Exercise 20.9 : Write a method that, given one or more pathnames, will print all the information available about the file it represents (if any).
Exercise 20.10 : Write a program that uses a StreamTokenizer object to break an input file into words and counts the number of times each word occurs in the file, printing the result. Use a HashMap to keep track of the words and counts.
20.7.4 FilenameFilter and FileFilter
The FilenameFilter interface provides objects that filter unwanted files from a list. It supports a single method:
-
boolean
accept(File dir, String name)
- Returns true if the file named name in the directory dir should be part of the filtered output.

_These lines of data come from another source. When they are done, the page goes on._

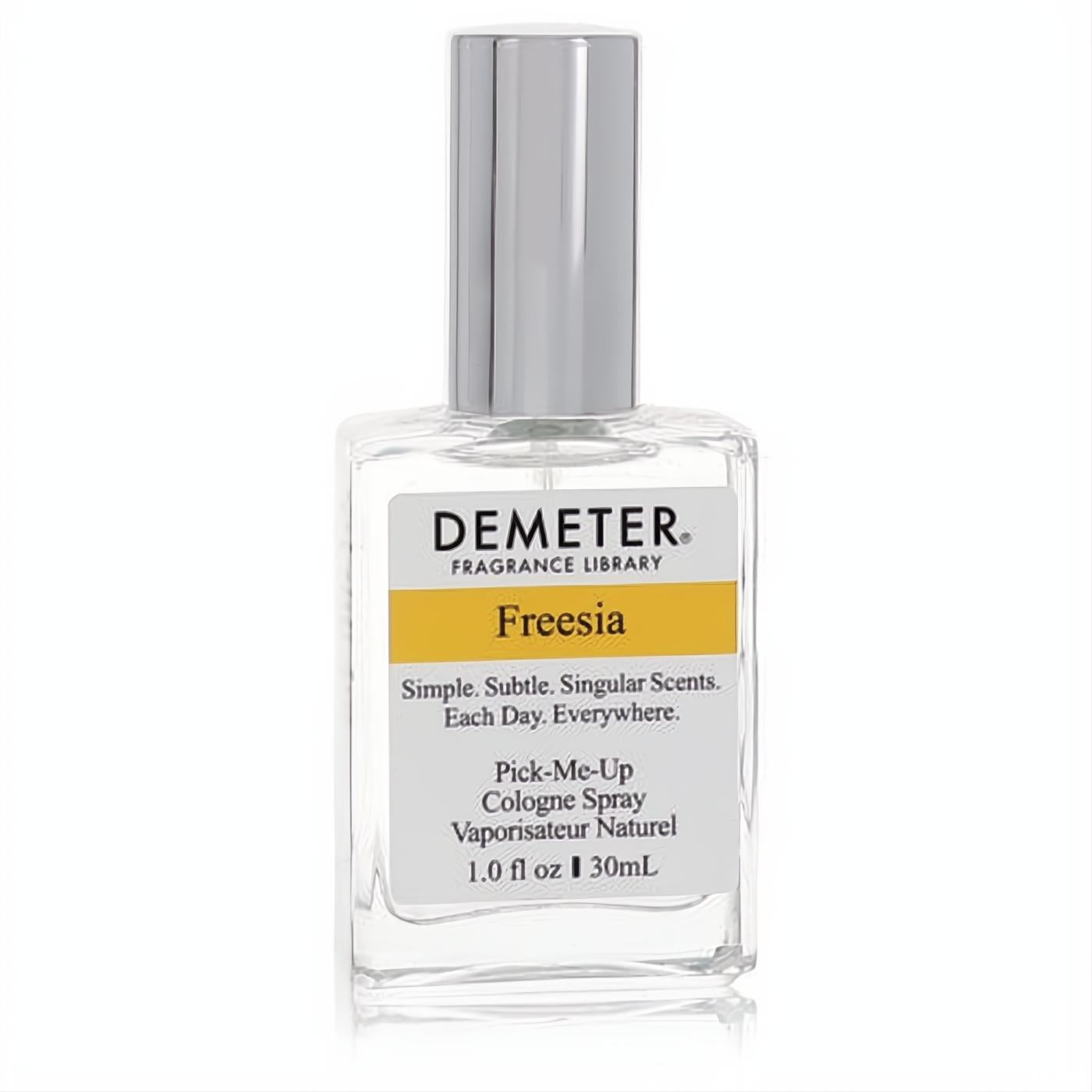 Demeter Freesia 1 oz women's cologne spray in a clear glass bottle with a sleek silver cap and yellow label.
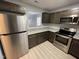 Well-appointed kitchen features stainless steel appliances, granite countertops, and stylish cabinetry at 204 Allen St # A/B, Creedmoor, NC 27522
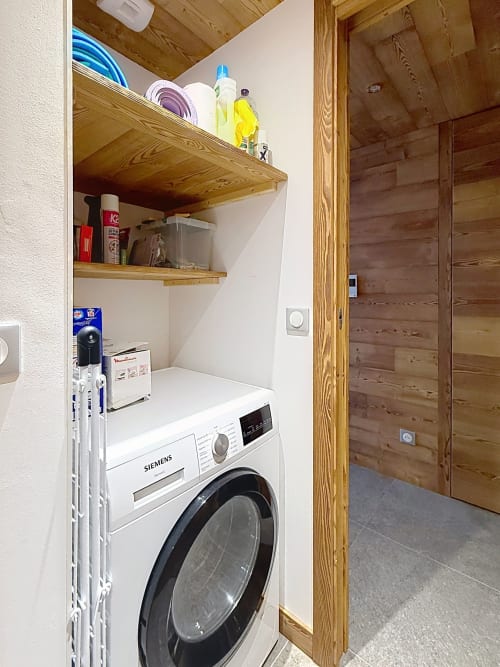 Buanderie avec lave-linge Siemens, étagères en bois avec produits d'entretien, porte encadrée en bois aux Tanières de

Here is an example that uses a FilenameFilter object to list only directories:
import java.io.*; class DirFilter implements FilenameFilter { public boolean accept(File dir, String name) { return new File(dir, name).isDirectory(); } public static void main(String[] args) { File dir = new File(args[0]); String[] files = dir.list(new DirFilter()); System.out.println(files.length + " dir(s):"); for (String file : files) System.out.println("\t" + file); } }
First we create a File object to represent a directory specified on the command line. Then we create a DirFilter object and pass it to list. For each name in the directory, list invokes the accept method on the filtering object and includes the name in the list if the filtering object returns true. For our accept method, true means that the named file is a directory.
The FileFilter interface is analogous to FilenameFilter, but works with a single File object:
-
boolean
accept(File pathname)
- Returns true if the file represented by pathname should be part of the filtered output.
Exercise 20.11 : Using FilenameFilter or FileFilter, write a program that takes a directory and a suffix as parameters and prints all files it can find that have that suffix.